FIG. 5 shows a cross-section of the diffuser frame 55 wherein the frame itself is made up of a two inch channel frame member 57 at the ends of the arc shaped screen 53 connected at one end to a connecting bar 58. The support angle 59 is provided approximately at the midpoint of the diffuser screen 53.

As shown in FIG. 5, it is preferred that each diffuser frame 57 be fabricated of two or more diffuser screens 53a and 3b, wherein the screen nearer to the sparger nozzle 55 is a breaker screen 53b and the screen most remote from the sparger nozzle 55 is a diffuser screen 53a. The breaker screen 53a receives the initial thrust of the stream 35 from the sparger nozzle 34 to be diffused while the diffuser stream 53 provides a rigid labyrinthian passage which reduces the water into a fine spray.

More particularly, the breaker screen 53a, as shown in FIG. 8 and in magnified view in FIG. 9, is fabricated of a very heavy wire 60, for example of an American standard gauge (AWG) 10 to as coarse as AWG 6, with a weave of about 1/4 inch or 1/2 inch mesh. The woven wire panel 61 is firmly held by mechanical capture and welds in the screen frame 62 secured to the channel frame 57 on the top and on both sides. The bottom side 61a of the screen 61 is freely movable to allow a maximum resilience of the screen panel 61 to dissipate the initial impact energy of the discharged water from the sparger nozzle 34. In installations where very high pressures are encountered, it may be necessary to install a primary and a secondary breaker screen. In such installations, all three screens would preferably lie equidistantly apart in a common channel frame 57, wherein the secondary breaker screen would be of a finer mesh and slightly varied orientation of weave from the primary breaker screen 53a to maximize depressurization and diffusion of the stream from the sparger nozzle 34.
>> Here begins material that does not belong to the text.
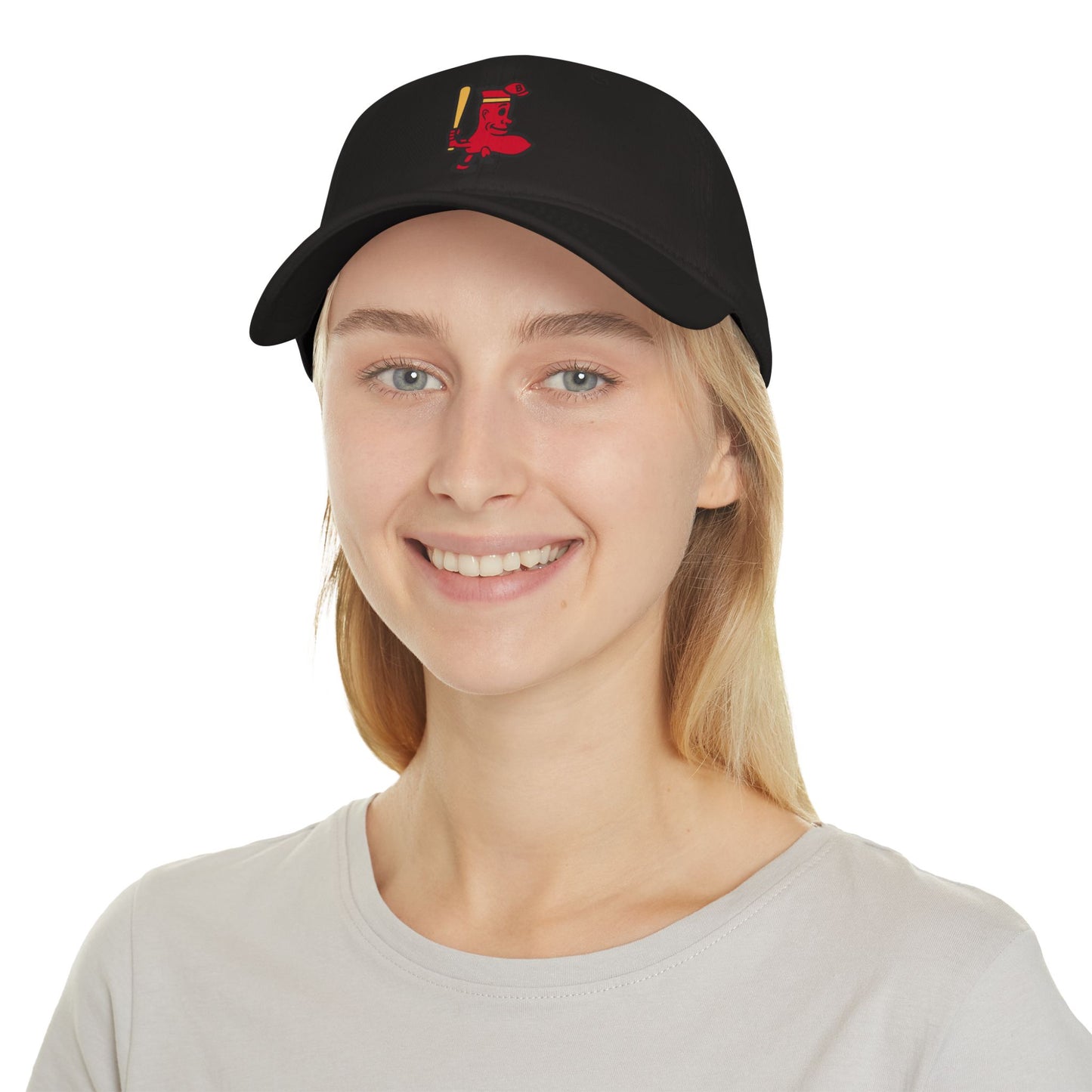 Playful Hot Dog Baseball Cap, Fun Cap for Food Lovers, Trendy Hat for Barbecues, Cute Gift for Foodies, Summer Accessory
The diffuser screen 53b is fitted into the same screen frame 57 as the breaker screens 53a and the respective screens are spaced apart between about one inch and several inches. The spacing depends upon the pressure and volume of the stream from the sparger nozzle 34, wherein the physical dimensions of the given sparger nozzle 34 and the overall hot well design influence the spacing. The diffuser screen is preferably made of a patented integrally sintered fabricated surface barrier filter material, incorporating five laminations of variously woven and patterned stainless steel wire screens, commercially available from Fuji America under the trademark "FUJIPLATE". The diffuser screen 53(b) is firmly anchored to the diffuser frame 57 on all four sides and preferably has a mesh on the order of 240 microns to about 500 microns. The fine mesh of the diffuser screen 53b breaks the stream 35 from the sparger nozzle 34 into a fine mist, harmless to the condenser internal structures.

The diffuser screen 53b cannot pass the full volume of fluid and there is a refraction of some of the water back toward the breaker screen 53a. This retrograde movement of a small portion of the fluid further attenuates the force of the water hitting the diffuser screen 53b and at the same time causes some counter force against the breaker screen 53a, thereby counter balancing the thrust of the influent on the breaker screen. Much of the refractive flow falls harmlessly back into pool water in the hot well of the condenser.

The above described multi-directional movements of the several divided water streams effects a harmless energy distribution, one stream against another, in such a manner that the net energy to be absorbed by the several screens in their structural supports is marketed reduced.

By way of description of the best mode currently contemplated by the inventor for practicing the invention, FIGS. 10-12 describe in further detail the connection of a screen frame having a channel frame 57 secured to a connecting bar 58 by welding, such as is shown by the weldment 65. FIGS. 13 and 14 show top views of the assembly of FIGS. 10-12 secured to the sparger nozzle 34.

Thus, a method and apparatus for diffusing a liquid condensate return stream in an industrial steam condenser to reduce erosion and corrosion on the condenser structure is shown and described.